Just did this the other day to a smooth BHR Waterman. Took me about 1hr (or a little more) to do just the barrel. I used all of the grades of micromesh I own (1500, 2400, 3200, 3600, 4000, 6000, 8000, 12000). This was a heavily oxidized pen so it took me a while with the coarser grades before I reached black rubber.

 

BUT, I taped off the imprint and, like Sia said, it looks terrible. I'm applying Mark Hoover's gel to the area over and over and it is slowly getting darker, but is nowhere near the surrounding black. I may post a pic when I get home.

 

I'm not affiliated with Mr. Hoover in any way, but am a satisfied customer of his product:

https://www.lbepen.com/apps/webstore/products/show/6766975

I don't use it the way he recommends, mainly because I don't want to remove hardware. So I just paint it on, leave it, then paint more on (because it dries and the only way to fully get the dry stuff off is to wet it with the gel again) and then rub it off with a cotton shirt. The first application is quite dramatic - sulfur-smelling light brown stuff comes off, but subsequent coats work very slowly, if at all. I have yet to get a pen fully black with it again, but it definitely makes a difference and the pens I choose to treat look much better.

 

Thinking it's the bleaching agent used for hair, I bought some "40 Volume Creme Developer" from a local beauty supply store yesterday and applied them to a scrap 52 barrel. This has 15% peroxide in it, but also a lot of other ingredients. It made the area I treated much worse (lighter). So it might be the other ingredients or Mark's product is something else altogether. I may try to find some pure peroxide gel (or make some).

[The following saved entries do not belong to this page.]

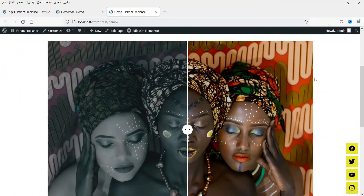Hello and welcome to Quick Tips, the Elementor video series. In this video we will see how we can add an image comparison feature on an Elementor website. We will install a free plugin — an add-on for Elementor — to get this image comparison feature.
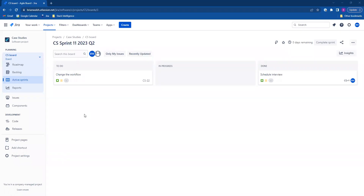Hello there. Today I'm going to be showing you how to add issues to Epyx in Jira.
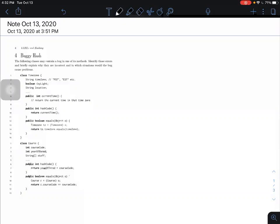Hey everyone, this is going to be a walkthrough for the last question, question four, on exam prep discussion eight. This question is asking us about a problem called buggy hash, which gives us two classes — TimeZone and Course — each of which have some kind of bug in their hash code implementation. Our job is to find out what these two bugs are.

I personally would not use peroxide of any sort to combat oxidization - peroxide (and sodium percarbonate, a granulated powder that breaks down into  a very similar peroxide product when mixed in water) are oxidizers. They will only increase oxidization. They are also alkaline.

 

On metals, oxidized material can least harmfully be released from its base material with the use of weak acids - diluted vinegar, citric acid solution, etc. I'd personally do a spot test on an irreparable pen bit with a *very* weak acid solution soak for 10-20 min with a tiny amount of surfactant (blue dawn is my go-to) and then rubbing with a well-worn softened 100% cotton handkerchief or, even better, scrap of all-cotton t-shirt rag.

 

Another option might be to look at chemicals used as "reducing" agents for indigo dyeing, such as sodium hydrosulfite or thiourea dioxide -- I'd say it's a relatively safe bet that a stabilized/buffered reducing agent like one of those was what created the deoxidizer sulfur smell you described, as they're both sulfur-based.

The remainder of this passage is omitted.